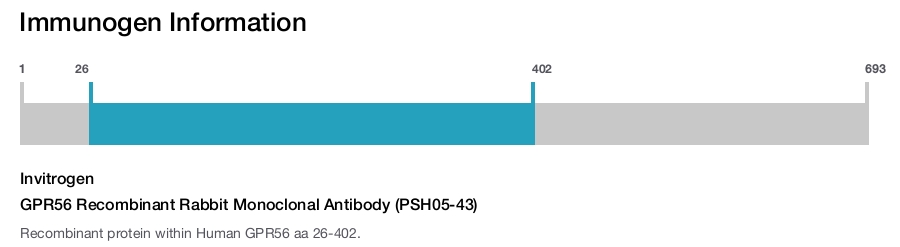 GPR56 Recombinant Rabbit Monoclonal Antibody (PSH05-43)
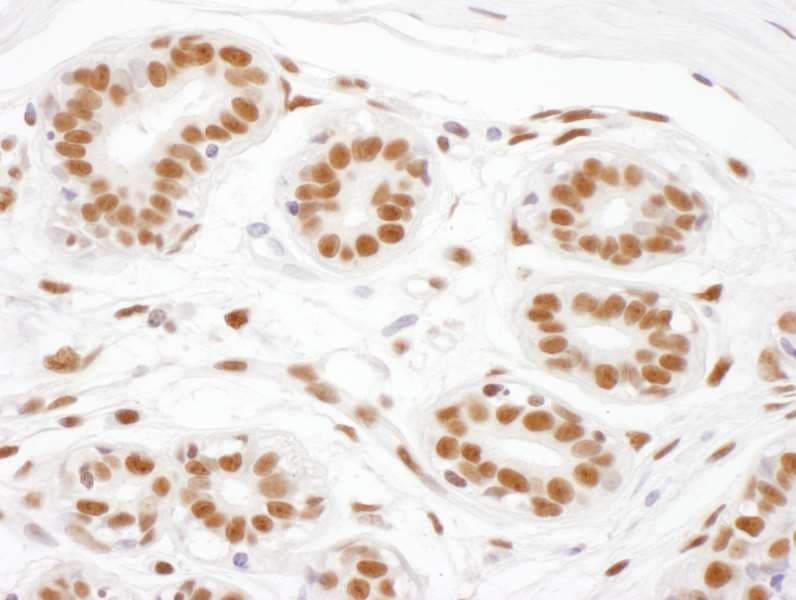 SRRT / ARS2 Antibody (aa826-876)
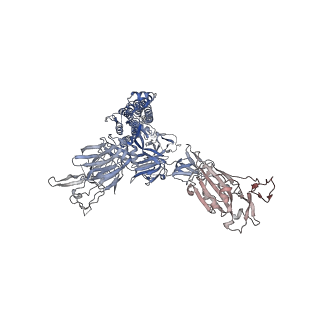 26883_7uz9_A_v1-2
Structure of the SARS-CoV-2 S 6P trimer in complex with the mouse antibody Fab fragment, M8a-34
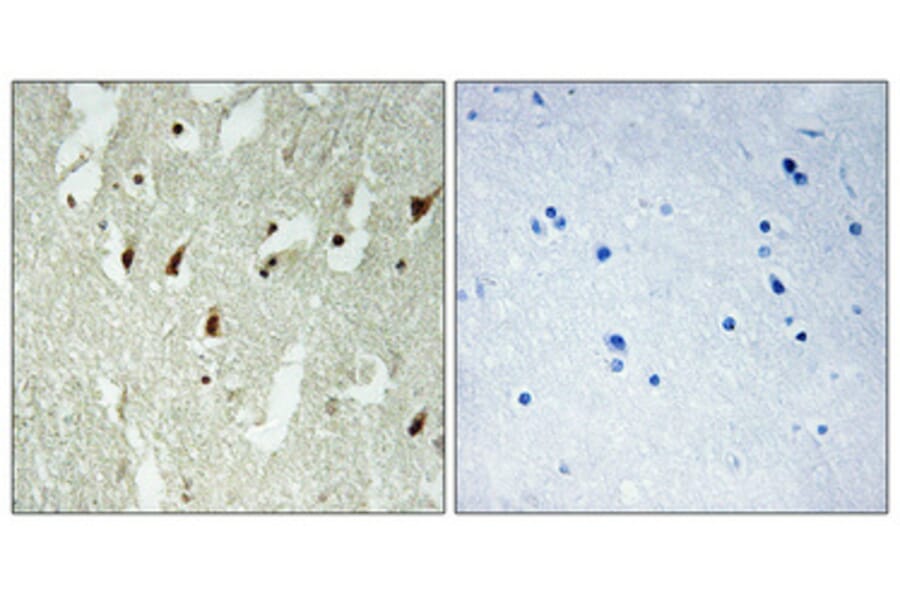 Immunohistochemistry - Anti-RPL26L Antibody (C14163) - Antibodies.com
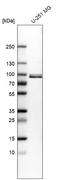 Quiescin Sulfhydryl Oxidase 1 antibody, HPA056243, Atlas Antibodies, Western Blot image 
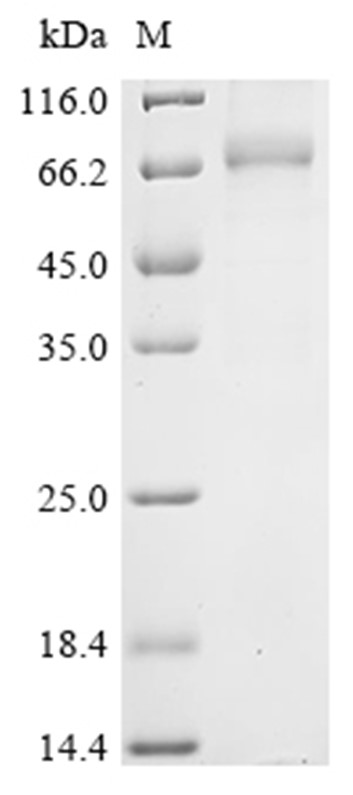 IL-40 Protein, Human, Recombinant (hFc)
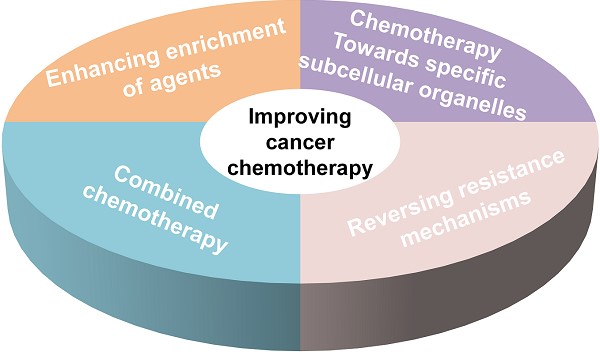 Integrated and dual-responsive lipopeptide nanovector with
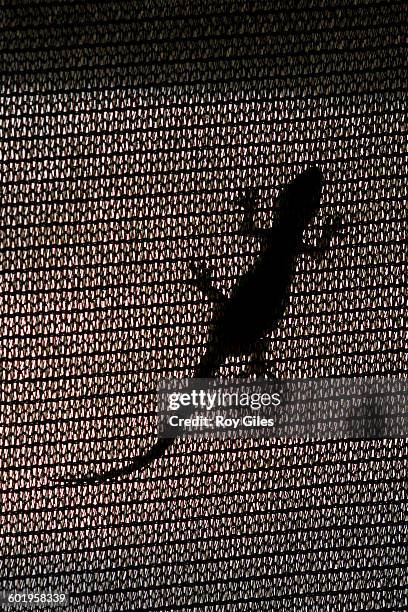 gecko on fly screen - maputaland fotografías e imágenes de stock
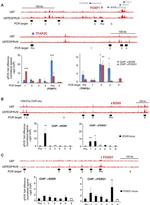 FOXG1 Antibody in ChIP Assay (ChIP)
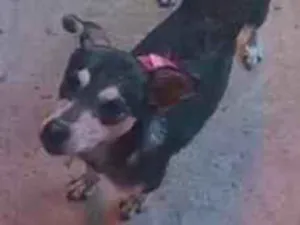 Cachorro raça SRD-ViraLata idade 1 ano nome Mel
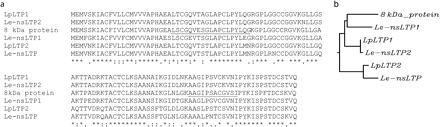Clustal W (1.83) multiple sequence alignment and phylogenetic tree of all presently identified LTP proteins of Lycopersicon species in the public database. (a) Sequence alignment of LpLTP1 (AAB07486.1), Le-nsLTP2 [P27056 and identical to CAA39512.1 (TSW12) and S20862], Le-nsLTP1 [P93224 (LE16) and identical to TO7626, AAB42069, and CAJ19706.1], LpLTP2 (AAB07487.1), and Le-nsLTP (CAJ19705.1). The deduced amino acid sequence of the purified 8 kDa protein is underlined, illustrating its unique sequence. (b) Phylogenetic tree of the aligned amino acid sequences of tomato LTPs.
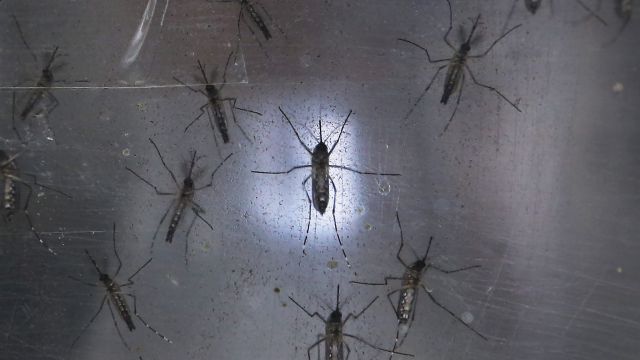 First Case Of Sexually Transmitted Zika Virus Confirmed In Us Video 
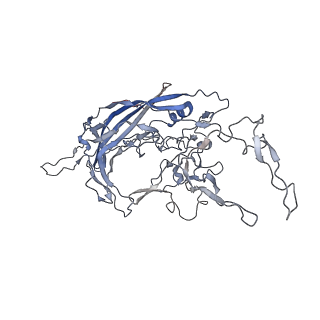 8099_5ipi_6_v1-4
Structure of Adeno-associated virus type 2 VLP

______________________________

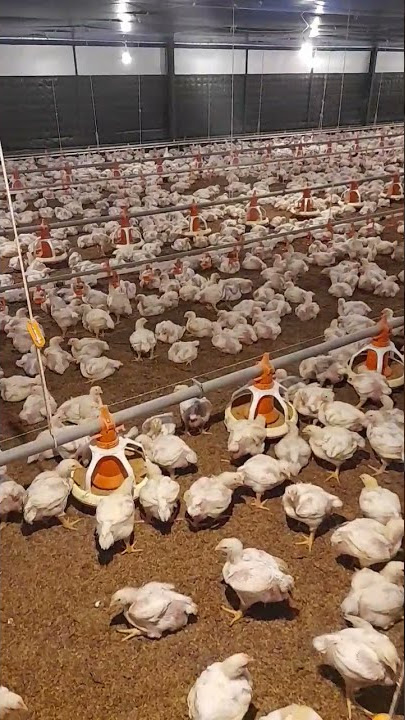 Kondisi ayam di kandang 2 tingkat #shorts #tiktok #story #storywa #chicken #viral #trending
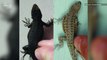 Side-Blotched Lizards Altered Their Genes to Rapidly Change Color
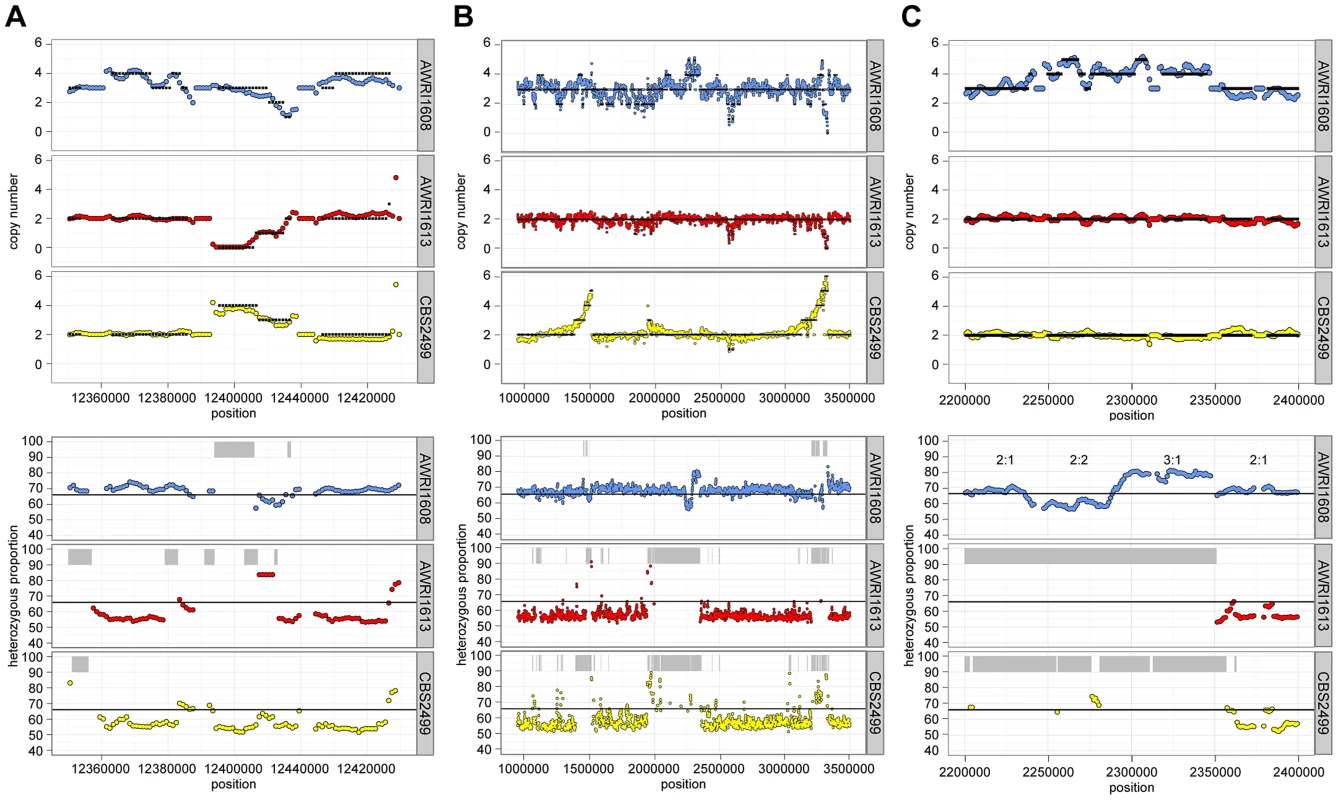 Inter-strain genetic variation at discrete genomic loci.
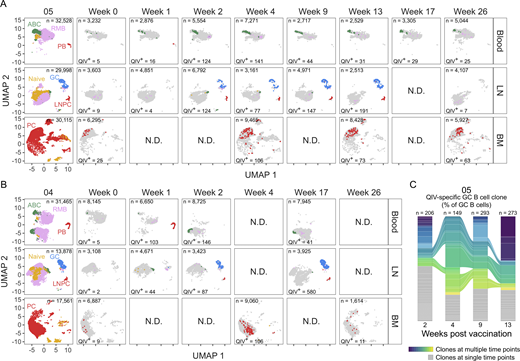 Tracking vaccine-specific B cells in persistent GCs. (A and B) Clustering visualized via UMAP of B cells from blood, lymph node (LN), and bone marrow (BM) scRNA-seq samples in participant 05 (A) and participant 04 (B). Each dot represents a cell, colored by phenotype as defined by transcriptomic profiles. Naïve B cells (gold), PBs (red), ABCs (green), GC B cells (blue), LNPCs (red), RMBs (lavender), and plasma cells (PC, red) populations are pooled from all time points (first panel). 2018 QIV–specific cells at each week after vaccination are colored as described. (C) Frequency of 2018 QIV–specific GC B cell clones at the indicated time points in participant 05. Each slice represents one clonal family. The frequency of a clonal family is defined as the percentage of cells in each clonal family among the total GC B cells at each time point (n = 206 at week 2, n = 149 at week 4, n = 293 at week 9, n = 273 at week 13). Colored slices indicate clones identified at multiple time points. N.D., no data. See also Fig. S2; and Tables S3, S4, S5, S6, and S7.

______________________________

● Exercise prompt: Using the material above, copy every line in which the string "Structure" occurs.

● Response to the task:
Structure of the SARS-CoV-2 S 6P trimer in complex with the mouse antibody Fab fragment, M8a-34
Structure of Adeno-associated virus type 2 VLP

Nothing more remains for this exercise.